Pero Fellini era consciente de que
todo ese despliegue de fantasía, delirio y aparente libertad era más un
resultado que un punto de partida. Un resultado de una cuidadosa planificación
de cada detalle. Por más improvisación que pueda haber, el cine es una máquina
compuesta de muchas máquinas, que deben funcionar bien para producir lo que la
imaginación del realizador quiera mostrar.
“¿Qué significa hacer un film? —se
preguntaba Fellini—. Naturalmente, se trata de poner orden en ciertas fantasías y narrarlas con cierta precisión.”
Para terminar, voy a dar un salto
al momento presente, para hablar brevemente de una película que tuvo un
insólito y prolongado éxito en Buenos Aires, El sabor de la cereza, del iraní Abbas Kiarostami. Quisiera hacer
notar que la representación de lo subjetivo en el cine no es tarea sencilla y
tiene muchas variantes.
Por ejemplo, la angustia en el El sabor de la cereza está representada
por las casi infinitas evoluciones del auto del presunto suicida, que pasa una
y otra vez por los mismos caminos polvorientos, por las mismas colinas casi
indistinguibles. Estos movimientos repetidos contagian al espectador una
incomodidad fundamental, que rápidamente le hace percibir la serena, definitiva
angustia del protagonista.
Pero tengo que volver a Fellini. En
un reportaje, se refiere a una extraña y poco recordada escena de La strada, en la que unos chicos llevan
a Gelsomina a la habitación de otro chico, una suerte de autista. La escena es
especialmente fantasmal.
Dice Fellini: “Me parece que esta
aparición de una criatura aislada, presa
del delirio —por consiguiente situada en una dimensión extremadamente misteriosa—, al unirse con el primer
plano de Gelsomina, que viene inmediatamente después, y en el cual ella lo mira
con curiosidad, es capaz de enfatizar con bastante poder de sugerencia la
soledad de Gelsomina.”
Creo que, en efecto, es así: el
delirio de los otros, absolutamente impenetrable, nos pone frente a nuestra más
profunda e inevitable soledad.
Bibliografía recomendada
Abbas Kiarostami. Textes, entretiens, filmographie complète, París, Éditions de l’Étoile/Cahiers du Cinéma, 1997.

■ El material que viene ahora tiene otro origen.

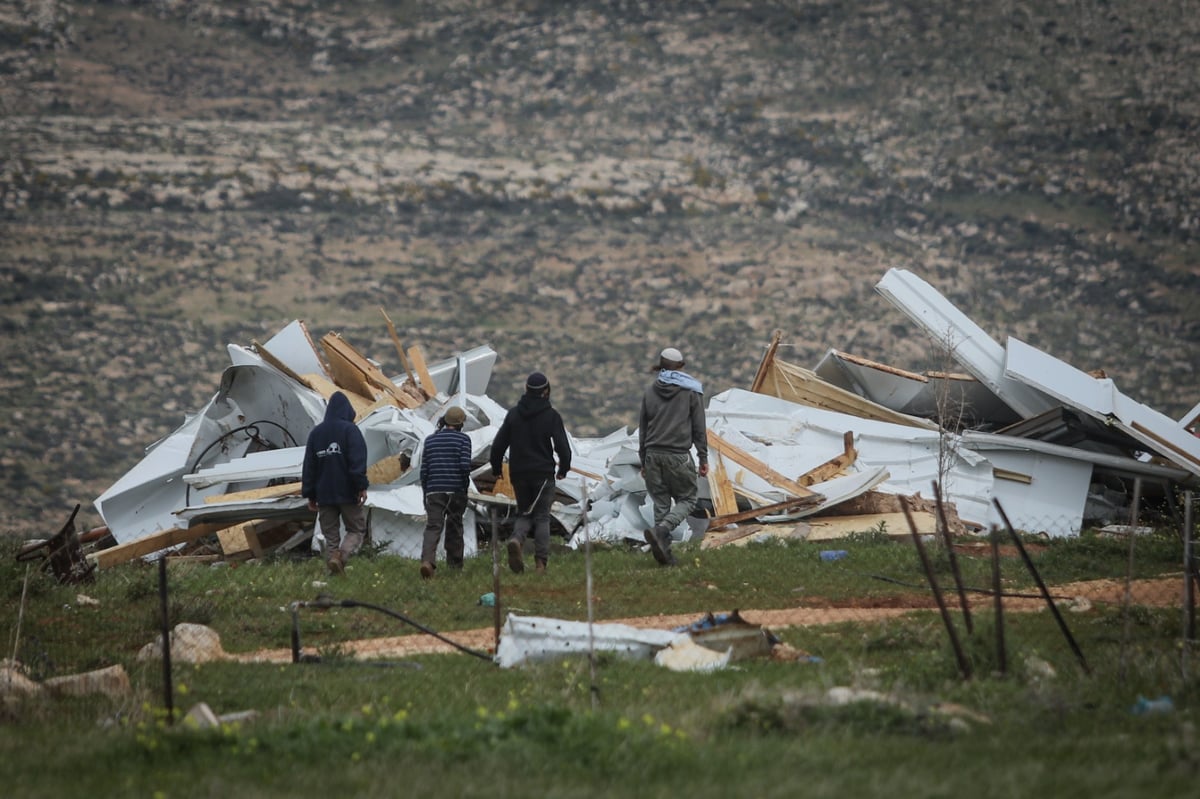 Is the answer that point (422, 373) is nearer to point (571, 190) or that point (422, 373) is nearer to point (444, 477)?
point (444, 477)

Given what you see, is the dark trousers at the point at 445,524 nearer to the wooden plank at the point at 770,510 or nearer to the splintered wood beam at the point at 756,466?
the wooden plank at the point at 770,510

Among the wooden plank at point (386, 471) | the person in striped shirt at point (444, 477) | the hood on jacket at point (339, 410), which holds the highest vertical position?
the hood on jacket at point (339, 410)

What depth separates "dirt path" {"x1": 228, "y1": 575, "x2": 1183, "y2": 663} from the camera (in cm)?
889

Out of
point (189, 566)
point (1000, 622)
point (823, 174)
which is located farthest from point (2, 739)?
point (823, 174)

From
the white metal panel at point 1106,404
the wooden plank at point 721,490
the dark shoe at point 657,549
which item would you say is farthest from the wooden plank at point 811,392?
the dark shoe at point 657,549

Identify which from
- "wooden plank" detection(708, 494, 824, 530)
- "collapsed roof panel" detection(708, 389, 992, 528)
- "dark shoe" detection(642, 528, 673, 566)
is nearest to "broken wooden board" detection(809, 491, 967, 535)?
"wooden plank" detection(708, 494, 824, 530)

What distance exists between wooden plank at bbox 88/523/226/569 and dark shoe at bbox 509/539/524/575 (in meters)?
4.04

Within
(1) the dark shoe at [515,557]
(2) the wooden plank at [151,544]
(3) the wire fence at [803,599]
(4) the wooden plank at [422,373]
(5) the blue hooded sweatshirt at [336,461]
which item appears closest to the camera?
(3) the wire fence at [803,599]

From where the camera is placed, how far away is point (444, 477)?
1183 centimetres

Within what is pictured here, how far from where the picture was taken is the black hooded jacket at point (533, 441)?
11.7 metres

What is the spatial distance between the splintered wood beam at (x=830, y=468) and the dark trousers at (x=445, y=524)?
4450mm

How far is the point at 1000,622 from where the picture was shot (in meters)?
6.88

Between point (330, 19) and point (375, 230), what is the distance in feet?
69.8

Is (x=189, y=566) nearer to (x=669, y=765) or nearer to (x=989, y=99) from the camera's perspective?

Artaud, Antonin, El cine, Madrid, Alianza, 1992.
Buñuel, Luis, Mi último suspiro, Barcelona, Plaza & Janés, 1987.
Eder, Klaus y otros, Buñuel, Buenos Aires, Kyrios, 1978.
Gibson, Arthur, El silencio de Dios. Una respuesta creativa
a los filmes de Ingmar Bergman, Buenos Aires, Megápolis, 1973.
Gubern, Román, Cien años de cine, Barcelona, Bruguera, 2 vols., 1983.
Jacobs, Lewis (comp.), El arte del cine, Buenos Aires, Peuser,
1963.
Salachas, Gilbert, Fellini, Caracas, Monte Ávila, 1972.
Schwarz, Michael, Luis Buñuel, Barcelona, Plaza &
Janés, 1988.
(Intervención en la mesa redonda “Angustia y delirio
en la mitología, el arte y la vida”, auspiciada por AEPA (Asistencia y Estudios
Psicoanalíticos Argentinos), Centro Cultural Recoleta, 11 de noviembre de 1998.
Publicada luego en el boletín cultural de esa fundación, febrero de 1999.)